L’intérêt d’une théorie de l’épistolaire n’est plus à démontrer, mais pourquoi prêter une attention particulière à la lettre familière renaissante ? Pour la richesse de son patrimoine  culturel. Pour le rôle qu’elle a joué dans l’essor et la diffusion de l’humanisme. Pour son importance quantitative, stratégique et décisive à l’ère du cicéronianisme. Parce qu’elle est à la croisée des chemins de l’intime qui mènent du portrait moral à l’autobiographie, en passant par l’essai. Parce qu’elle était appelée à connaître le succès que l’on sait, le déclin que l’on connaît, et qu’elle intéresse en ce sens  – plus que tout autre type de lettre – l’histoire des genres littéraires. Enfin, et par-dessus tout, parce que c’est au XVIe siècle qu’elle fait l’objet d’une théorisation systématique et revendique pour la première fois un statut générique. Qu’est-ce qu’une lettre familière à la Renaissance ? Est-ce celle que l’on adresse à des parents,  des amis ou des serviteurs, celle qui traite d’affaires personnelles ou bien celle qui, indépendamment du sujet, utilise un style informel ? Car il importe de savoir si est constituée ou non à cette époque l’idée même d’un genre distinct, d’une pratique singulière régie par un ensemble de prescriptions déterminées.
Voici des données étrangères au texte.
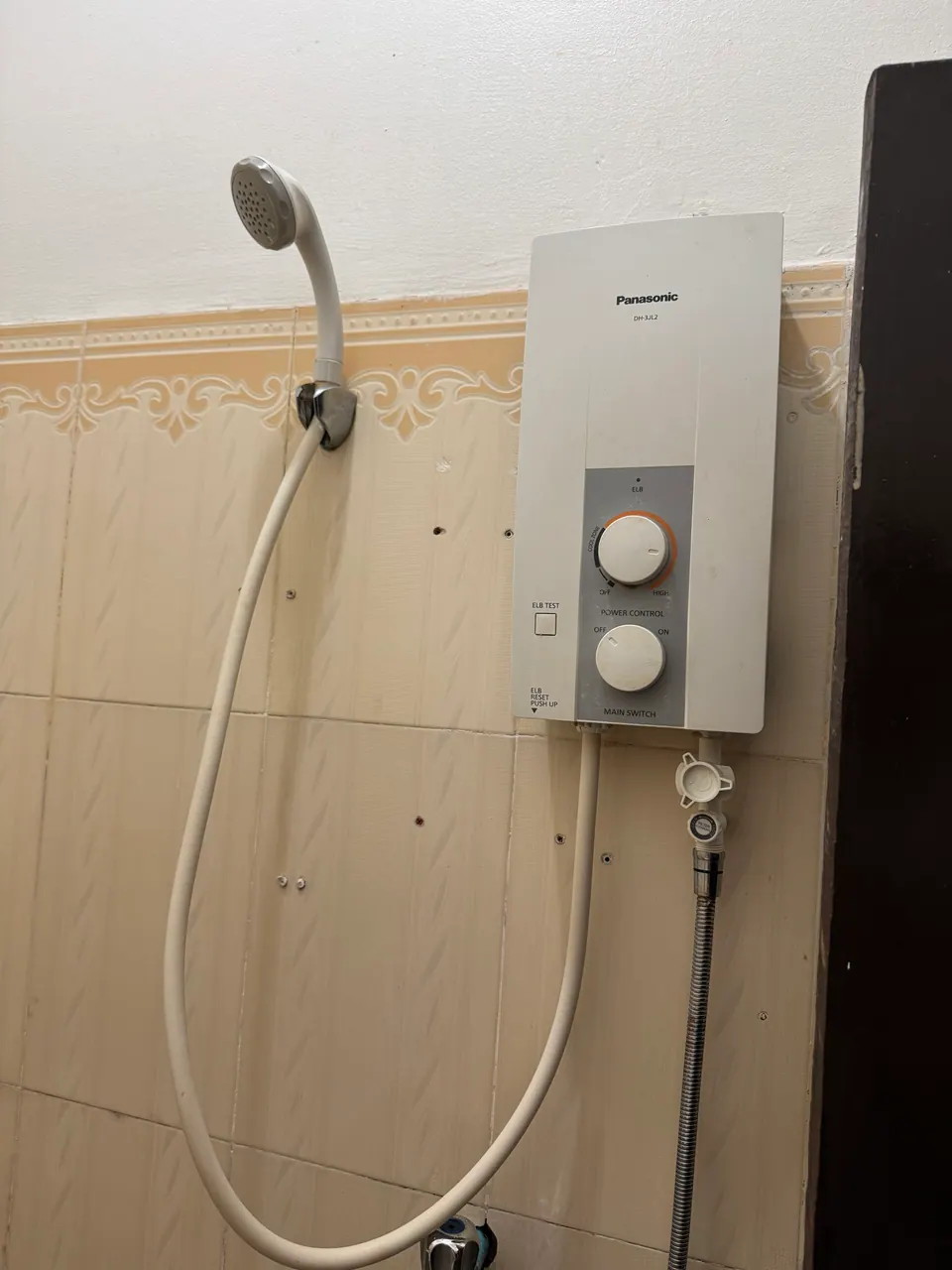 Electric hot-water shower heater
Conçue dans l’Antiquité comme simple substitut à la conversation amicale, la lettre familière est aujourd’hui considérée comme un vecteur privilégié de l’intime. Or, nous verrons que c’est en tant que véhicule idéologique, outil de polémique et genre littéraire qu’elle fut exploitée par les humanistes. Comment expliquer un tel changement de paradigme ? Avant de risquer une explication, il faudra mettre en résonance le corpus constitué par ces lettres avec celui d’où elles tirent ou non, on le verra, leur principe organisateur : les manuels d’épistolographie. On aurait tort, en effet, de considérer la lettre comme un genre intemporel, indépendant de toute normalisation et dont les composantes seraient demeurées les mêmes depuis son invention jusqu’à nos jours. Certes, le truisme de la « conversation avec un absent » a traversé les âges et tout le monde semble d’accord pour en faire la définition essentielle, toutes espèces confondues, du genre épistolaire. Mais que sait-on vraiment de la pratique médiévale et renaissante de la lettre? Les artes dictaminis et les manuels d’épistolographie ont-ils relayé sans intervention la conception classique ? Celle-ci diffère-t-elle de la théorie actuelle ? Il semble que le principal obstacle à une définition moderne de la lettre réside justement dans l’évacuation par la critique du donné historique.

 
Notre problématique ressortit à la théorie des genres par son double objet. Elle implique une caractérisation précise de la lettre familière à travers une typologie comparée des écrits théoriques et pratiques, et pose la question de son éventuelle appartenance à une rhétorique humaniste de l’épistolaire. Avant de risquer une réponse, il faudra effectuer une étude comparative d’un corpus relativement large, considéré diachroniquement et sous l’éclairage d’une analyse rhétorique. Il s’agira d’abord d’expliciter les thèmes, les stratégies argumentatives, les topoi et les procédés de style employés dans ces lettres, en tenant compte du lieu d’inscription de chacun des éléments. Les structures rhétoriques de la lettre, une fois dégagées, seront mises en relation avec les modèles suggérés par les ouvrages théoriques afin de voir s’il y a convergence ou divergence et à quels niveaux.